Kill all the kittens

Gareth Morgan wants to eradicate cats from New Zealand. His campaign website does a good job in describing the various evils cats perpetrate upon our ridiculously pacifistic native wildlife. But it's missing the first thing I'd have expected in a policy campaign coming from an economist: a cost-benefit analysis.

First, how much consumer surplus is generated by cats? It has to be pretty big. The New Zealand Companion Animal Council claims* that the 48% of NZ households owning at least one cat spend on average $838 per year on their cats. 1.419 million cats at $466 per cat is about $660 million spent on caring for cats. I don't know what the price elasticity of demand for cat ownership is, but aggregate surplus seems awfully likely to be big.

Second, how elastic are wildlife numbers to cats' presence? Cats kill a lot of things; they're awfully murderous. But if they weren't there, would native wildlife rebound, or would the population of other predators expand with the reduction in competition?

Finally, how much value do we really place on native wildlife? Sure, we get some existence value from the birds and lizards that cats eat, and it's nice seeing them and hearing them. But is it enough to trump the consumer surplus that people get from cat ownership? I don't know and neither does Gareth. But I'm not the one wanting to kill all the kittens.** Shouldn't we have to run a cost-benefit analysis before considering kitty genocide?
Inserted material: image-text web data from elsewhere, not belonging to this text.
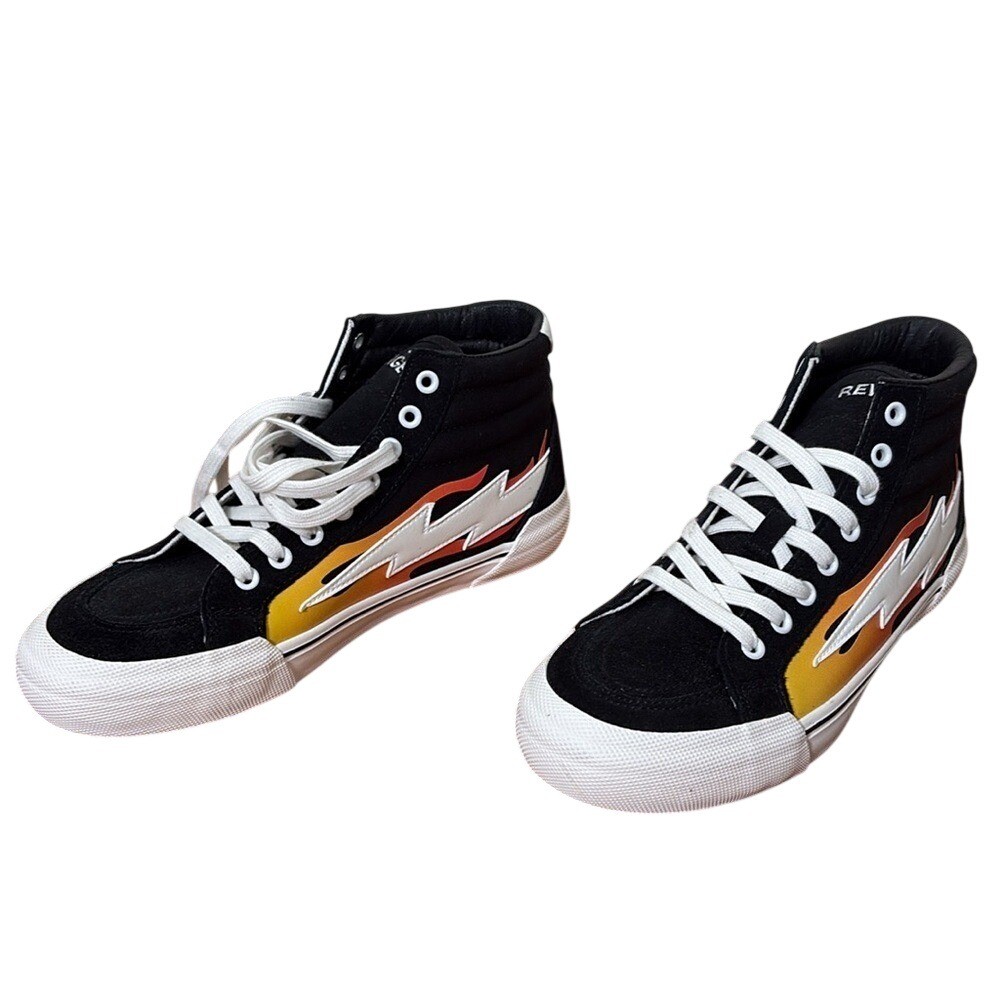 Revenge x Storm Vol 2 High Top Black Flame Lightning Bolt Sneakers Men’s 8 NWOB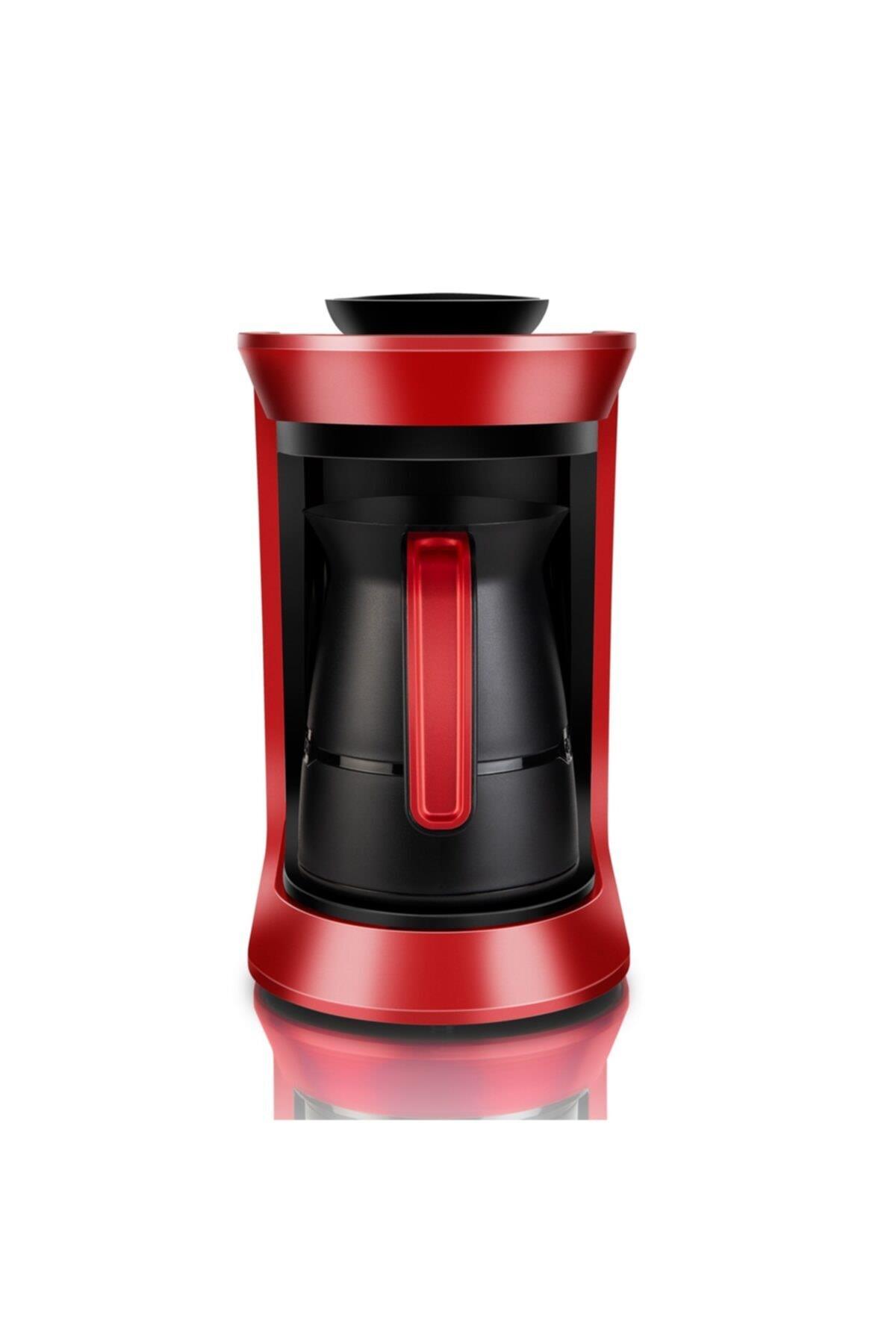 Arnica Köpüklü Otomatik Türk Kahve Makinesi Kırmızı IH32053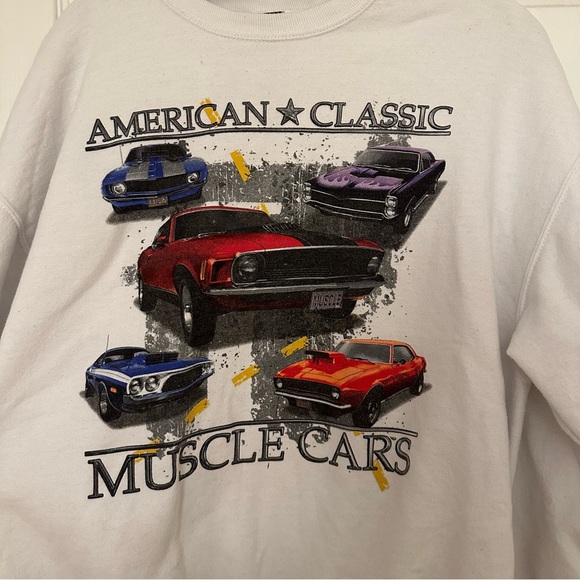 Vintage Crewneck American Classic Muscle Cars - Picture 2 of 4
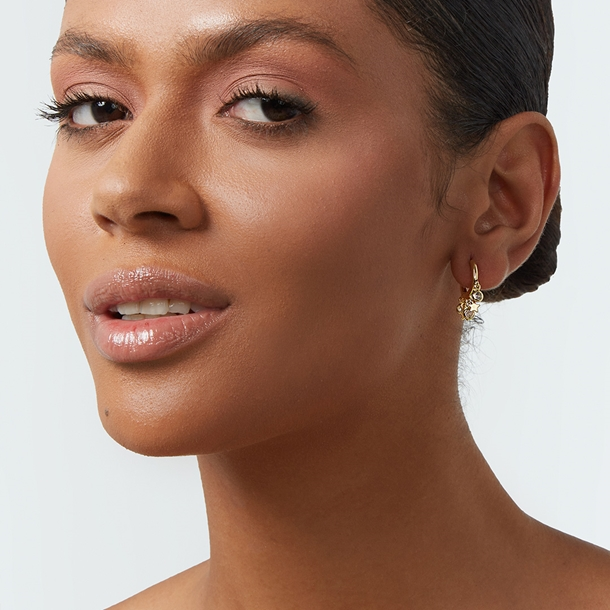 Brinco Argola Estrelinhas e Zircônias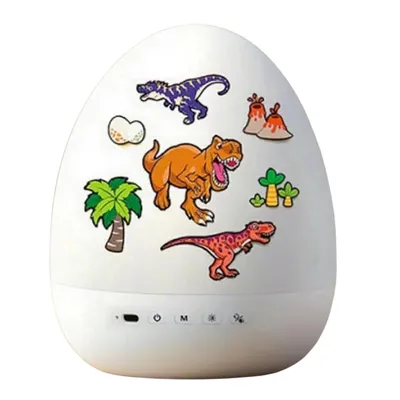Immagine prodotto di Magico proiettore notturno Bluetooth con 21 diapositive di proiezione, proiettore notturno USB con 3 colori di luce - DINODREAM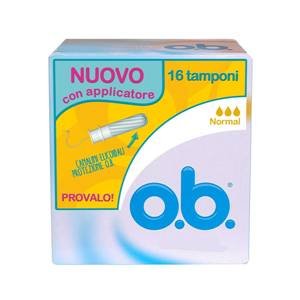 OB Compact Applicator Normal 16 tamponi con applicatore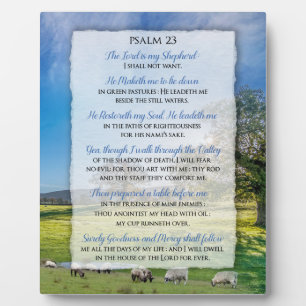 Psalm 23 - The Lord is my Shepherd  Plaque
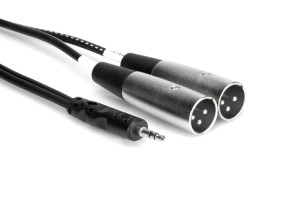 HOSA CYX-403M Kabel TRS 3.5mm - 2 x XLRm 3m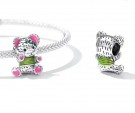 Bear Hug - JBX Charm i sølv som anheng til armbånd eller kjede thumbnail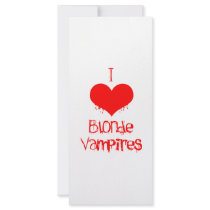 I Love (heart) Blonde Vampires
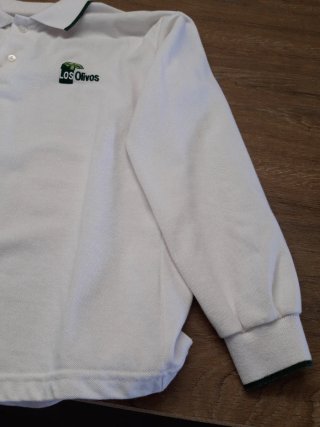 Polo manga larga Colegio Los Olivos Talla M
Gareth does recommend a few potentially useful things, like belling cats. I doubt that the cats who do the most damage would be the ones that are belled, but the proposal at least doesn't seem likely to do much harm. Another option: make your next cat a Persian. Our last one was so ridiculously over-bred*** that she could barely eat kibble, much less do any harm to, well, anything other than furniture, carpets, clothing, and my dignity.



* I have no clue how reliable their survey is.

** Ok, he isn't really saying we should kill them all, just that we should phase them out over time. But, still, I'm pretty sure that every time you drink a Coke, Gareth Morgan kills a kitten.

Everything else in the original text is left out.